(TASK STATEMENT): Leave out any picture and return the remaining listing below exactly as given.
GIVEN INFORMATION section start
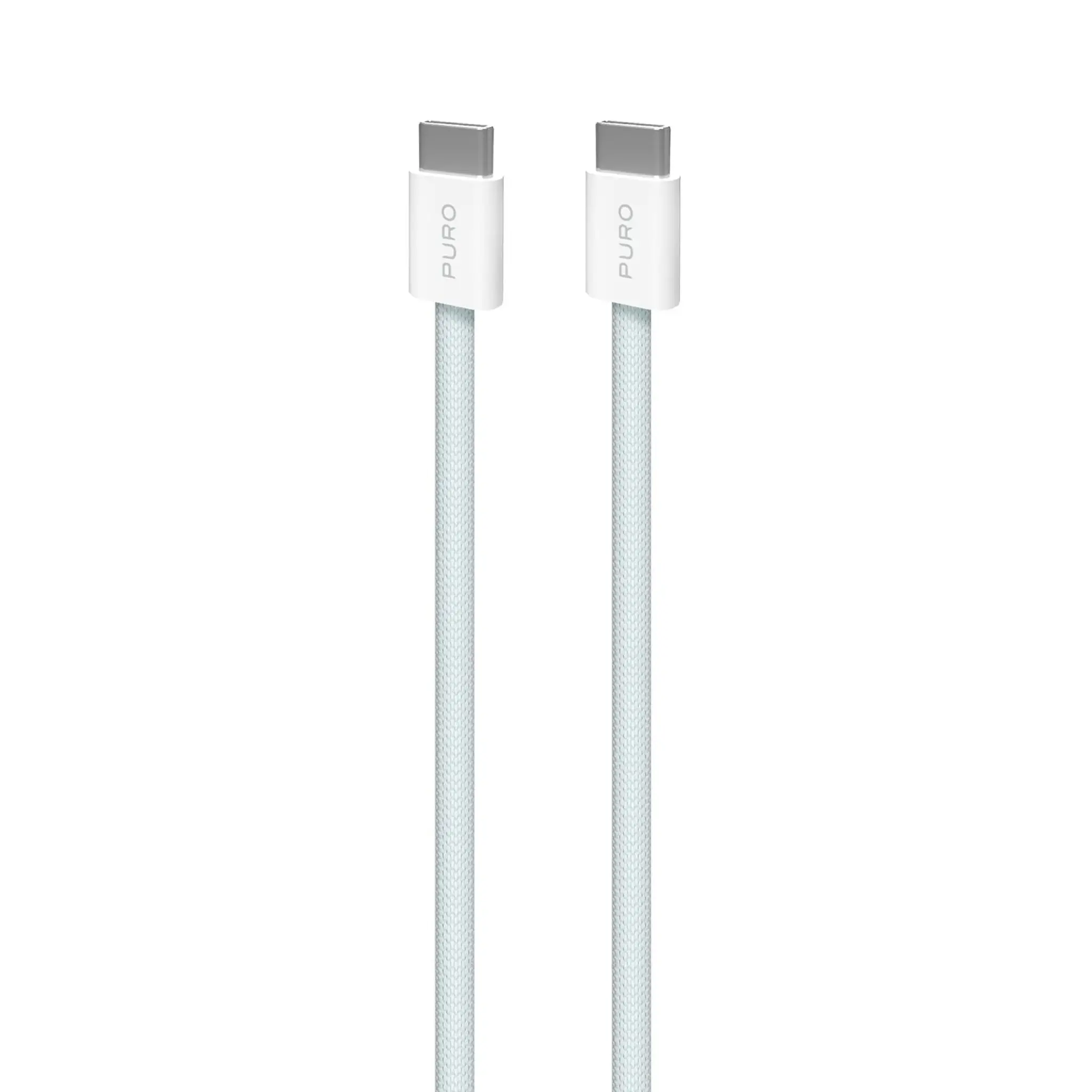 PURO Fabrik 2.0 60W USB-C to USB-C Charging and Sync Cable 1.5m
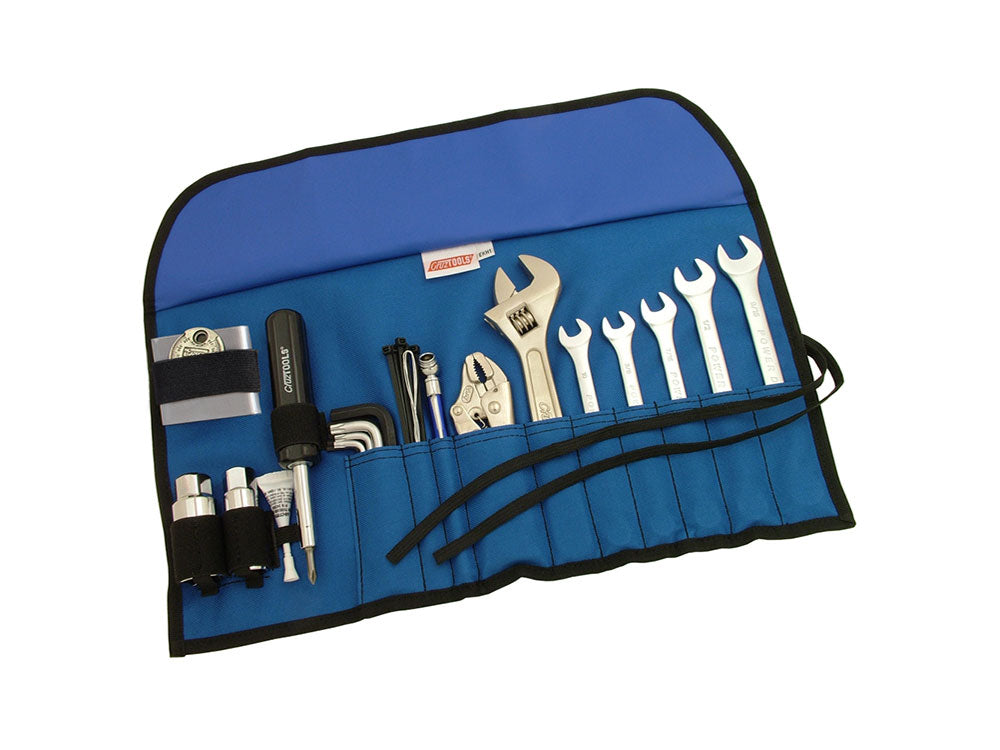 CruzTOOLS CT-EKH1 EconoKIT H1 Tool Kit for Harley-Davidson Motorcycles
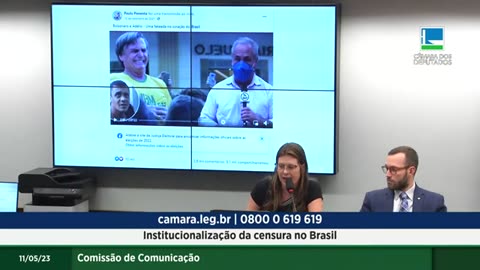 Institucionalização da censura no Brasil - Comunicação - 11/05/2023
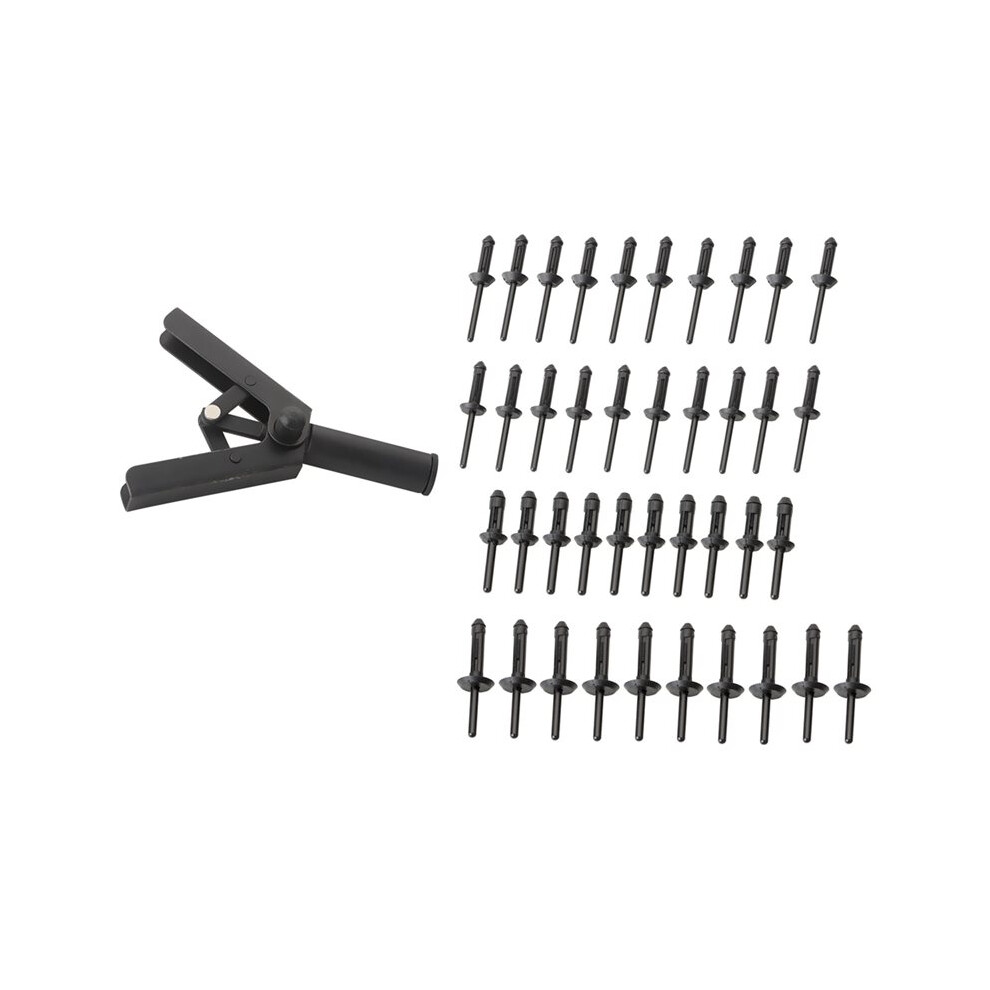 41Pcs Plastic Rivet Gun Set For Quick Riveting Hand Tool Kit For Automobile Clamps Accessories 4712706880812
GIVEN INFORMATION section end
(SOLUTION BELOW):
 PURO Fabrik 2.0 60W USB-C to USB-C Charging and Sync Cable 1.5m
 CruzTOOLS CT-EKH1 EconoKIT H1 Tool Kit for Harley-Davidson Motorcycles
 Institucionalização da censura no Brasil - Comunicação - 11/05/2023
 41Pcs Plastic Rivet Gun Set For Quick Riveting Hand Tool Kit For Automobile Clamps Accessories 4712706880812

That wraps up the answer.